The inspector told the court that following a postmortem, a pathologist said the injury to the child was more likely to be non-accidental and that the injuries were “catastrophic”.

There were also reports of someone hearing a child screaming from the house and another child crying.

The court heard Dempsey has three other children in care in the Republic of Ireland and her remaining child here is now under the care of social services.

Objecting to bail, the detective said Armstrong has an “extensive” record of offences against the person and represents a flight risk.

Patrick Fahy, appearing for Armstrong, said his client had given a full, thorough and detailed account of what happened and had contacted emergency services without delay.

Also applying for bail, James Strawbridge of James Strawbridge Solicitors, who is representing Dempsey, said his client has no previous convictions.

He said she was not at the house when the incident occurred and is a “young, grieving mother”.

He added: “She has had a horrific life and children removed from her care.
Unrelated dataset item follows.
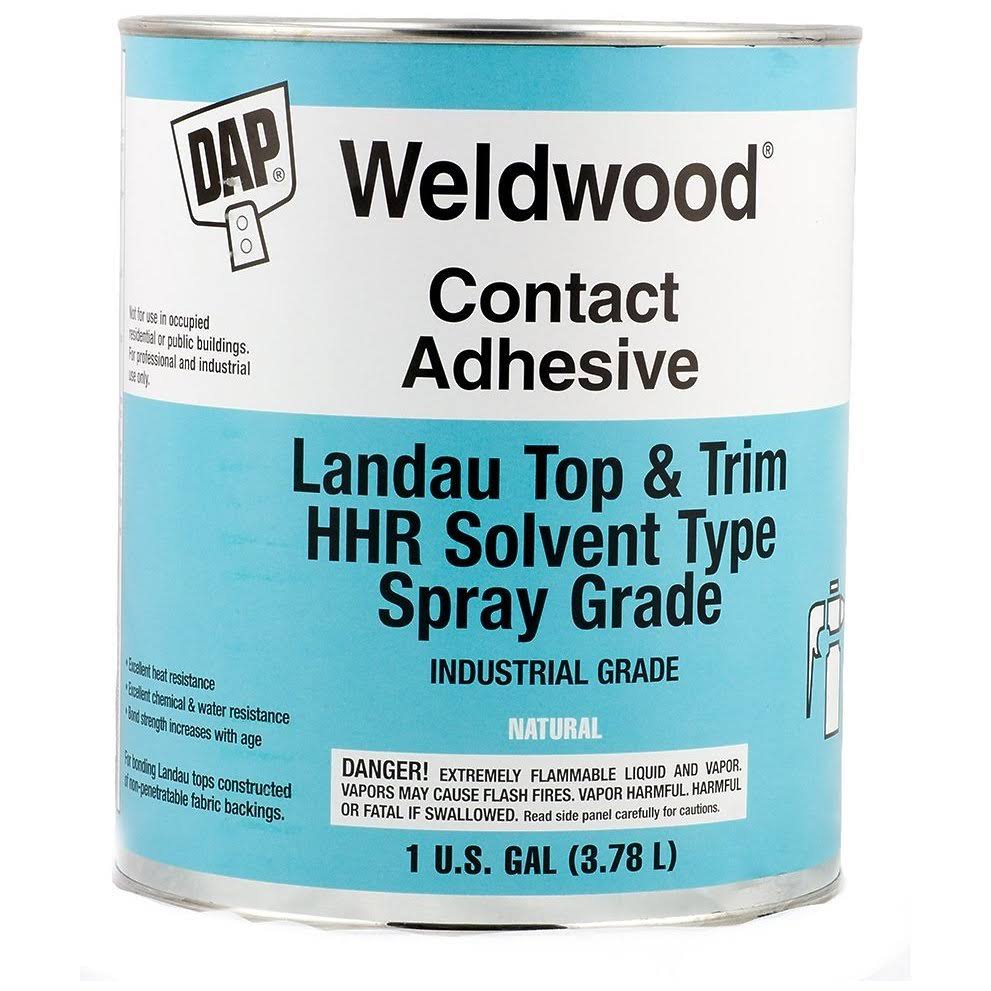 Dap Weldwood Contact Adhesive- Landau Top and Trim HHR Solvent Type Spray Grade 1 Gallon
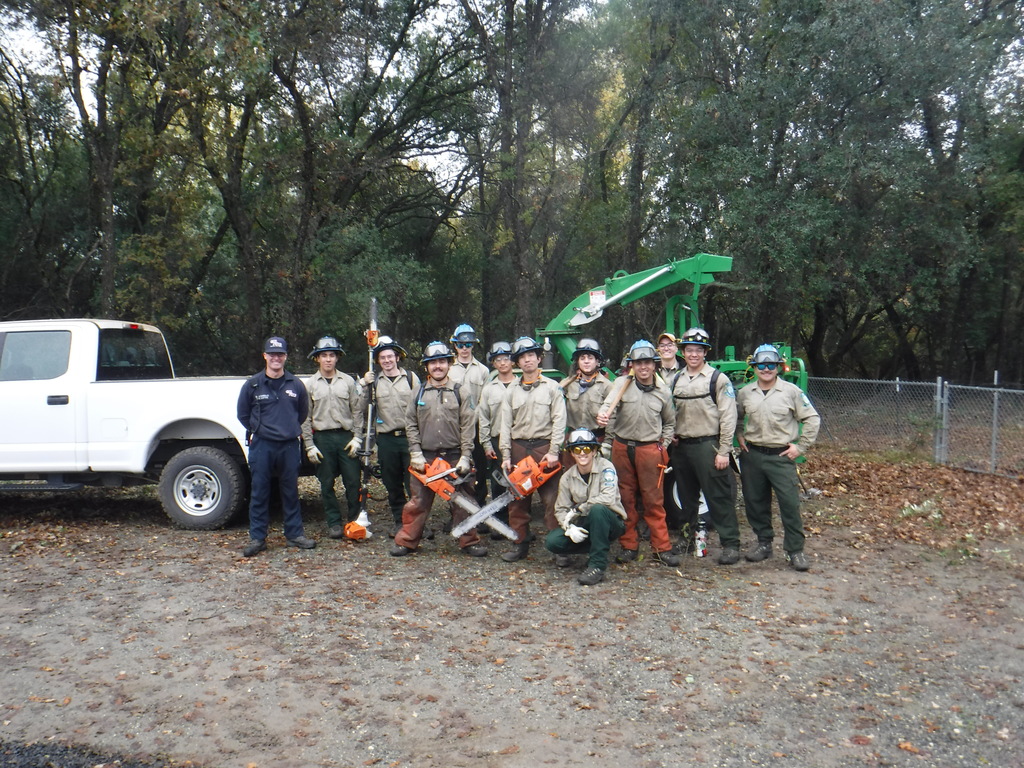 Cal-Fire, OCESD and a large crew of California Conservation Corps workers helped Ophir Elementary become more wildfire safe on Saturday.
There will be funeral some time later this week and the mother needs to grieve.”

Judge Bernie Kelly said she did not consider either defendant suitable for bail, saying Dempsey posed a flight risk and that Armstrong has a litany of record for breach of court orders and she did not believe he would adhere to bail conditions.

Both defendants were remanded in custody and are due to appear before Dungannon Magistrates Court on September 1.